**Your task**
Of the records that follow, copy only the lines from the line containing "Volkswagen Passat 4dr" to the line containing "4th image of 802 Begonia Ct", both included, exactly as written.

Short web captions
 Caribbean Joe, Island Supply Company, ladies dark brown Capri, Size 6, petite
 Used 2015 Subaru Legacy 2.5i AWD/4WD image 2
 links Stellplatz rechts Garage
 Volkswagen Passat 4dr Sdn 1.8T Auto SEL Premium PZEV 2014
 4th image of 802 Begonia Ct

...

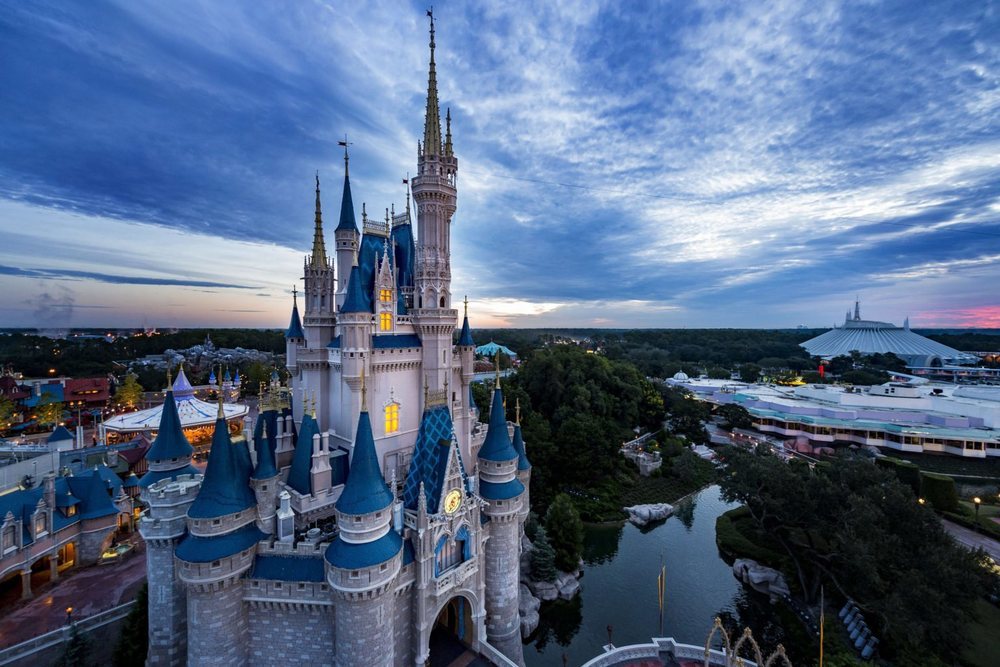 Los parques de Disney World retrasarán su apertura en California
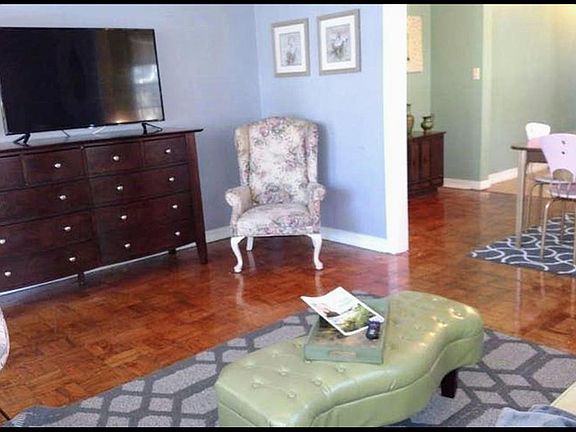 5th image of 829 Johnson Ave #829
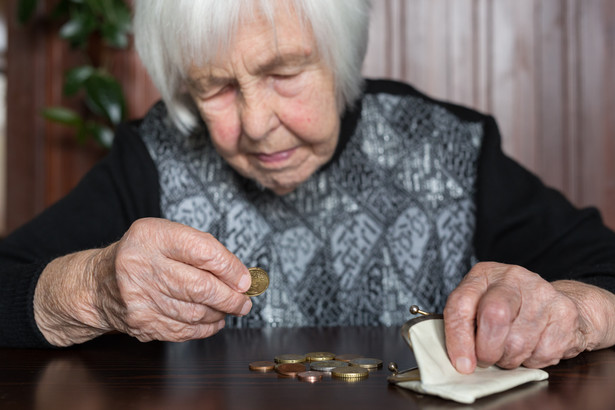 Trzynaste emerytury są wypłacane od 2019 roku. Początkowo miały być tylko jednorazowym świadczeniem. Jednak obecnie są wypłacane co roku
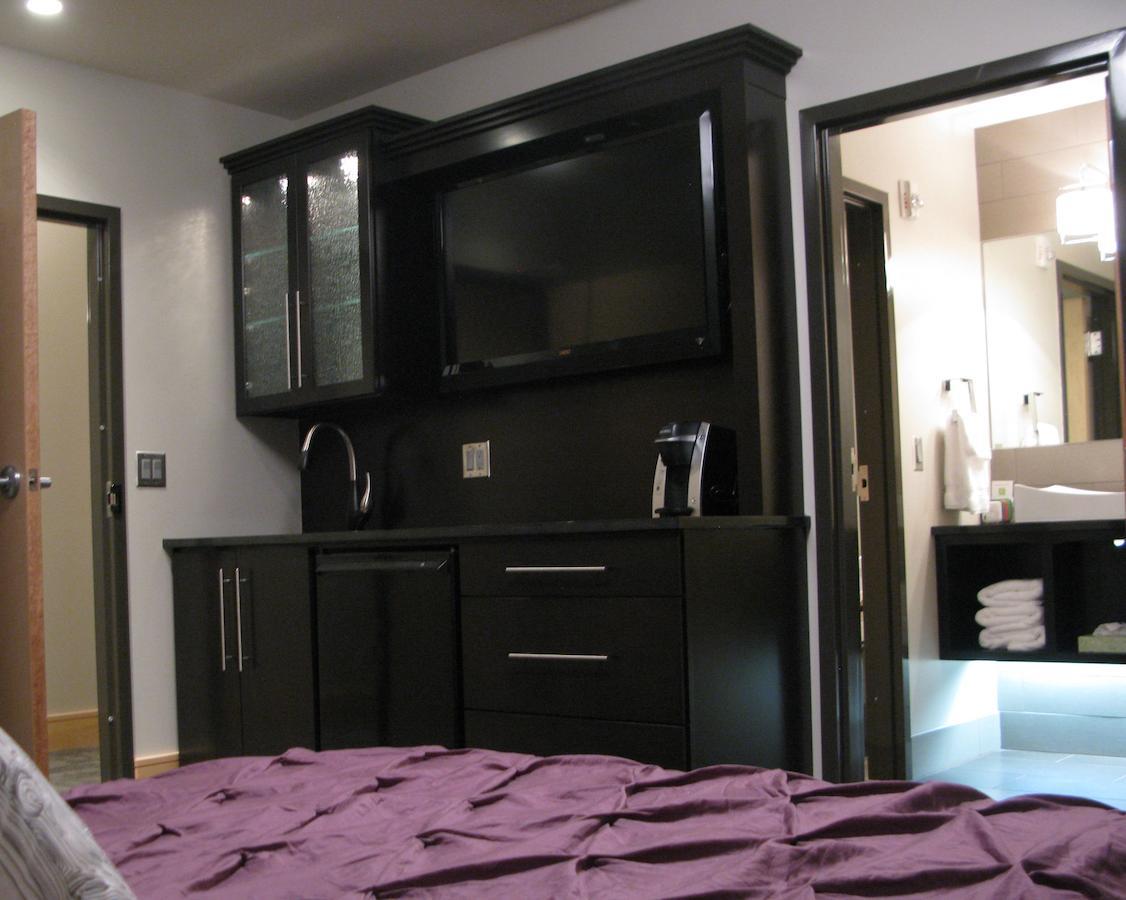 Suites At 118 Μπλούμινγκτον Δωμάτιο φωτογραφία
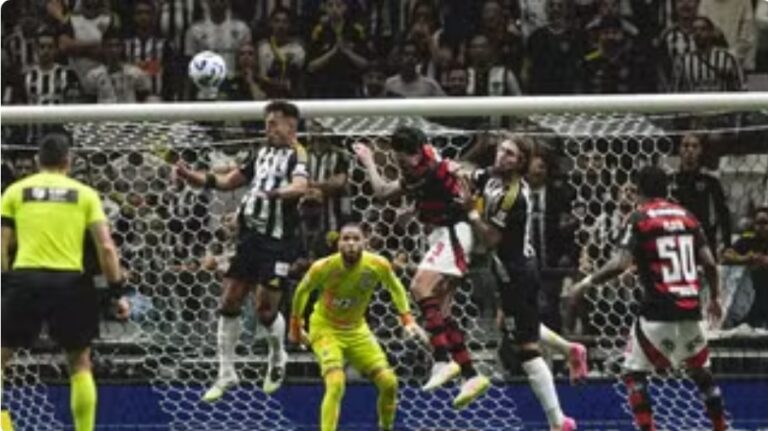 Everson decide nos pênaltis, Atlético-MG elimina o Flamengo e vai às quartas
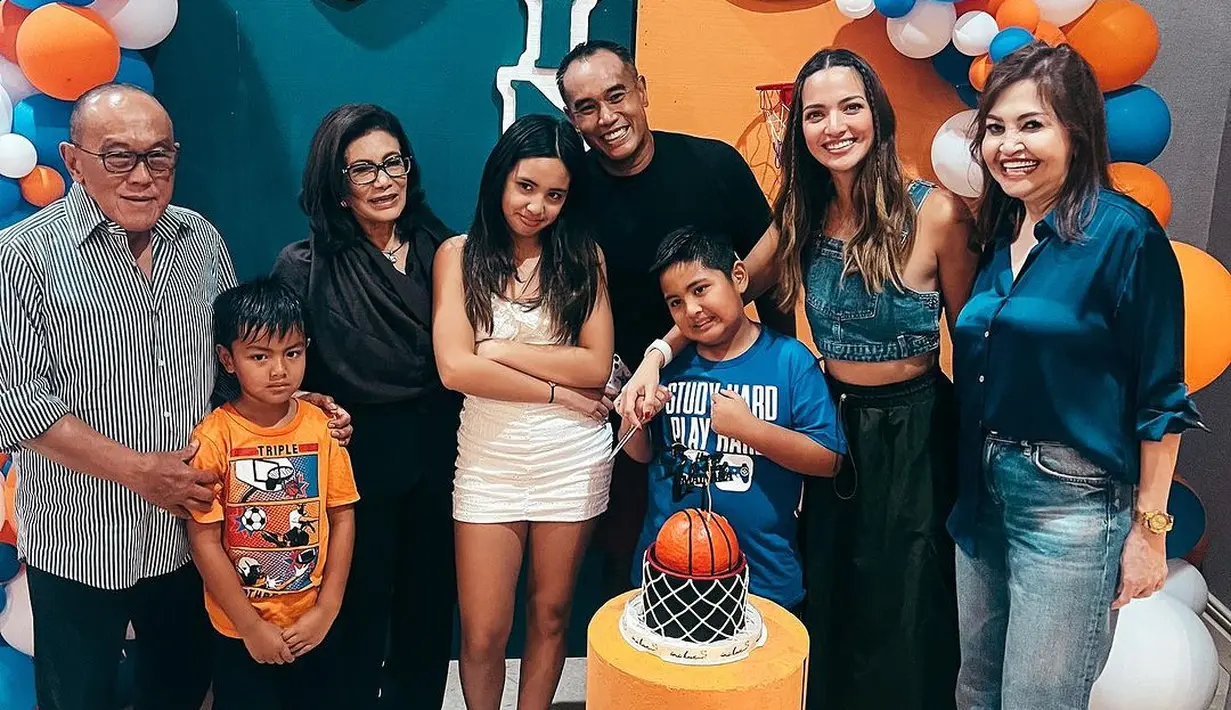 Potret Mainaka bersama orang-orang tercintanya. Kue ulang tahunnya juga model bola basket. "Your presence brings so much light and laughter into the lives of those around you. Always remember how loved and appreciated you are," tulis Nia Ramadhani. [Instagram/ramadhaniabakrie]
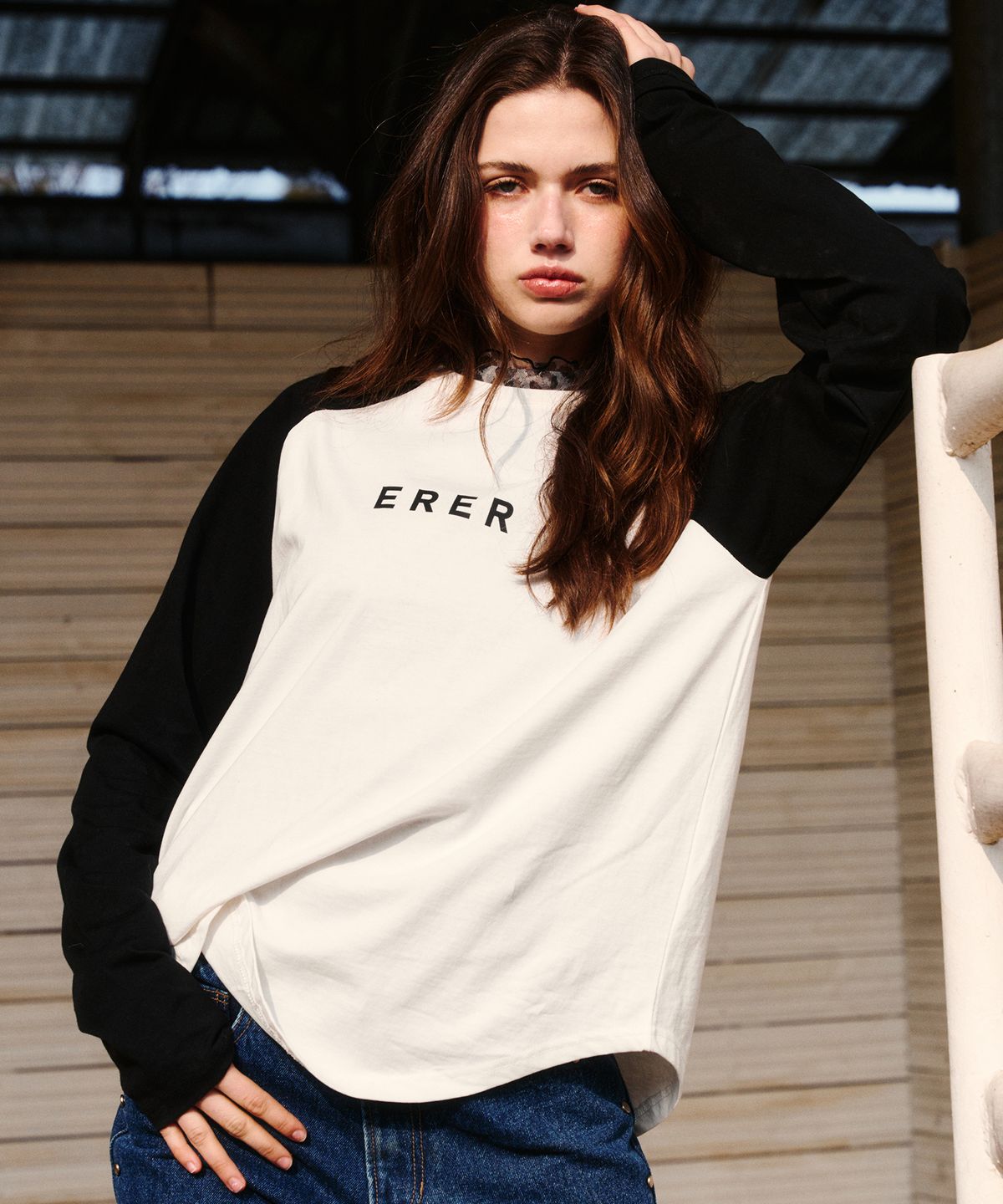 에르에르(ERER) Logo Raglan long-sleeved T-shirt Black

**Answer area**
 Volkswagen Passat 4dr Sdn 1.8T Auto SEL Premium PZEV 2014
 4th image of 802 Begonia Ct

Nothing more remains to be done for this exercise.